After completing the experiments, these are the results we collected:
On the data we collected, there are 6 different actions that we measured
Continued is the number of people continued after listening to the announcement message
Entered is the number of people enter a digit of their social security number
Convinced is the number of people explicitly stated that they were convinced by the scam during the survey question
Recording is the number of people stated they the reason why they were convinced
Unconvinced is the number of people explicitly stated that they were unconvinced by the scam during the survey question
Recording is the number of people stated they the reason why they were unconvinced
With our data, to perform an analysis, we needed to find an Analysis Metric.

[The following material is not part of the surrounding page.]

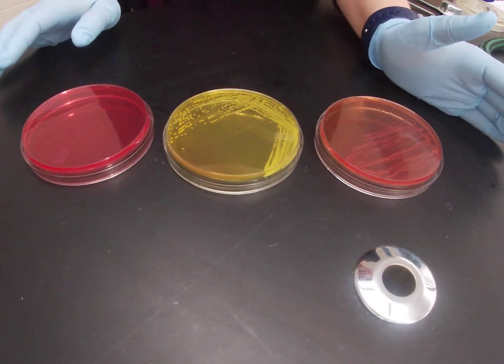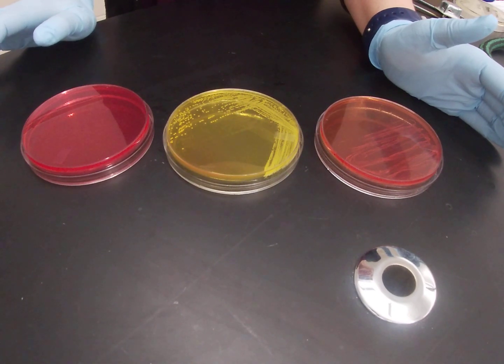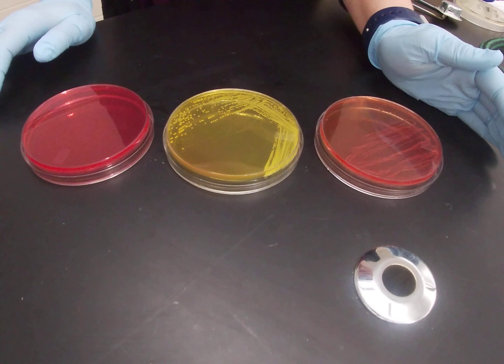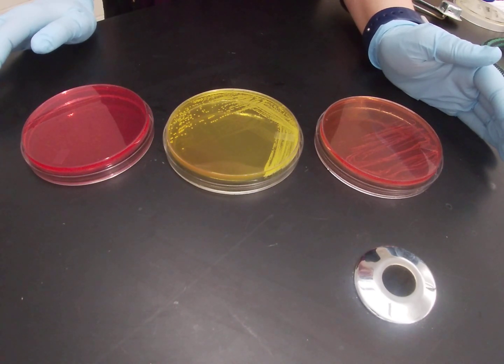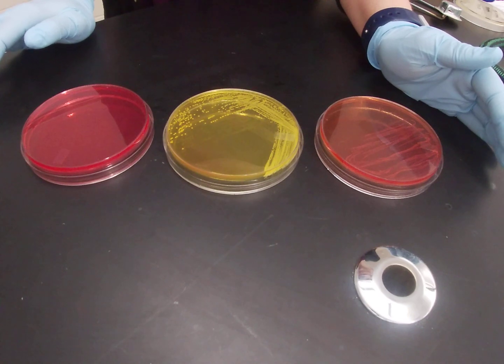In this video we are going to describe mannitol salt agar. Mannitol salt agar is an agar that is very useful for the identification of gram-positive organisms, especially differentiating between our different kinds of staph species. You won't find mannitol salt agar on your flow chart, but that does not mean that it's not a really useful agar and one that I would expect you to use during your unknowns.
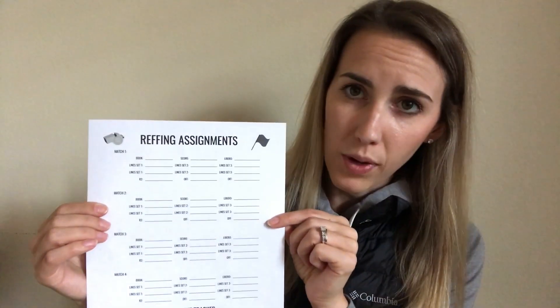The resource is a reffing assignment tracker. I know reffing isn't really something you think of off the top of your head when you think about coaching volleyball, but having a tracker and having a plan when you go to a tournament is going to give you peace of mind and make things a lot more simple when you're switching between playing and reffing.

This was a challenging task because if we used Entered SSN as our metric, it could be too lax as a measure since users could have enter fake SSNs
If we used Convinced as our metric, the data could be too sparse as users rarely indicated that they were convinced by the scam
So in the end, we settle on Possibly Tricked as our metrics, which is derived from subtracting the # of Unconvinced from Entered SSN
It provided a more reasonable estimate of the actual number of recipients that fell for the scam
Here’s the result of Possibly Tricked across different experiments.
For the most successful experiment, we had 10.3% receipeits possibly tricked.
For least successful experiment, only 0.3% were possibly tricked.
To better understand the attributes Further Analysis on Possibly Tricked,
Comparing linear regression coefficients of all attribute properties.
Comparing statistical significance & effect size of comparable attribute properties.
In this chart, all attribute properties were overfitted on our possibly tricked data to get the linear regression coefficient
The other analysis was Statistical significance & effect size, for comparable experiemtns for the comparable attribute properties, and found the changing he entity scenario had the most conclusion results. This is calculated based on the adj p-value which was stepped down using the holm-berferoni method, and the effect size which was based on cohens ‘d
Finally, we also analyzed the recording of survey participants that stated that they were convinced by the scam, and here are the results.
Here are the results for the Reasons Unconvinced, as you can see, main reaseaon they were unconvicend was because they suspected that the irs or asu won’t make calls like this.
What can we learn from our study?
Spearphishing is effective
Telephone scammers may spoof a known caller ID name and voice a plausible scenario to make the scam exceptionally convincing.
In defense, we recommend the following ways to Ways to protect the users
Make the users be aware of telephone scams.
Teaching users that The HR won’t make calls like this
Adopt caller ID authentication technology.
More research into the understanding of scammers.